C4 Therapeutics Inc., a preclinical biotech developing small molecule protein degraders to treat cancer, priced 9.6 million shares at $19 million apiece, netting $182.4 million. The proceeds will be used to push the company’s first protein degradation candidates into the clinic, according to an S-1/A filing. The Watertown, MA-based company had planned to raise $150 million by offering 8.8 million shares at a price range of $16 to $18. C4 has four preclinical programs for its small molecule protein degraders. The company expects to submit an IND for its lead candidate in the fourth quarter of 2020 and begin a first-in-human Phase 1/2 clinical trial in the first half of 2021. C4 Therapeutics was founded in 2015 and lists on the Nasdaq under the symbol “CCCC.” Jefferies, Evercore ISI, BMO Capital Markets and UBS Investment Bank acted as the joint bookrunners on the deal. Shares closed the week up 34% at $25.49.

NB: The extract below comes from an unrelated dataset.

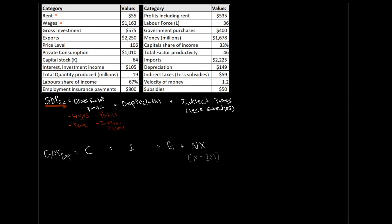Okay, so let's go through our table and let's identify, I'll use red for our GDP from our income approach. Let's identify all of our categories that fit into this and then we can add them all up. So, right away, we have rent here. Okay, so there we go, we have rent. What else do we have? Wages. Yep, we want wages. Gross investment? No. Exports? No. Private price level? No, that's not down here either. Private consumption? Nope. Capital stock? Nope. Interest from investment? Hey, that was interest from investment income. So, we want this guy here. Okay, total quantity produced? No, I don't need that. Labor share of income? No. Employment insurance? No, we don't need that either.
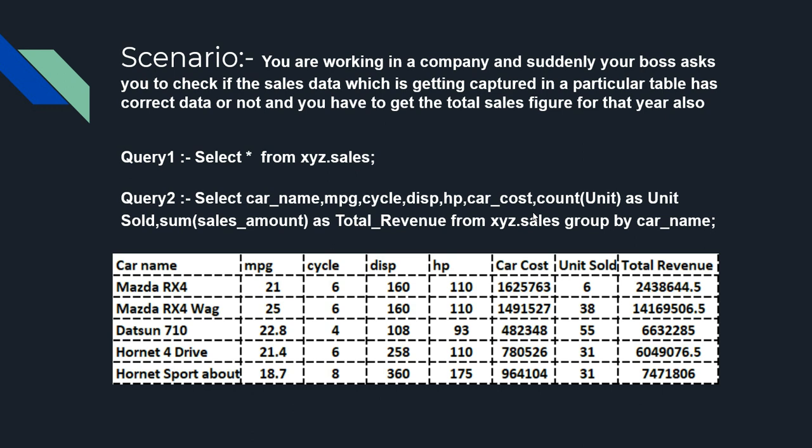Now we can also check whether the data makes any sense or not, and if it makes sense then we also give the total revenue to my boss which makes his life easier as well as mine. See how simple it is? You just have to investigate and find out the database name, then the table name where data is residing, and then you have to write a simple query to get the data.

And Oncorus Inc., a Phase 1 biotech developing oncolytic virus therapies for solid tumors, raised $87 million by offering 5.8 million shares at $15, within the range of $14 to $16. The company’s pipeline contains lead candidate ONCR-177, an intratumorally administered viral immunotherapy based on its oncolytic HSV-1 platform. Oncorus has initiated and begun dosing patients in a Phase 1 trial of ONCR-177 for solid tumors, including breast cancers and cutaneous tumors, with preliminary data expected from the 2H21 through the 2H22. Oncorus was founded in 2015 and lists on the Nasdaq under the symbol “ONCR.” Jefferies, Evercore ISI and Piper Sandler are the joint bookrunners on the deal. Shares closed the week up 7% at $16.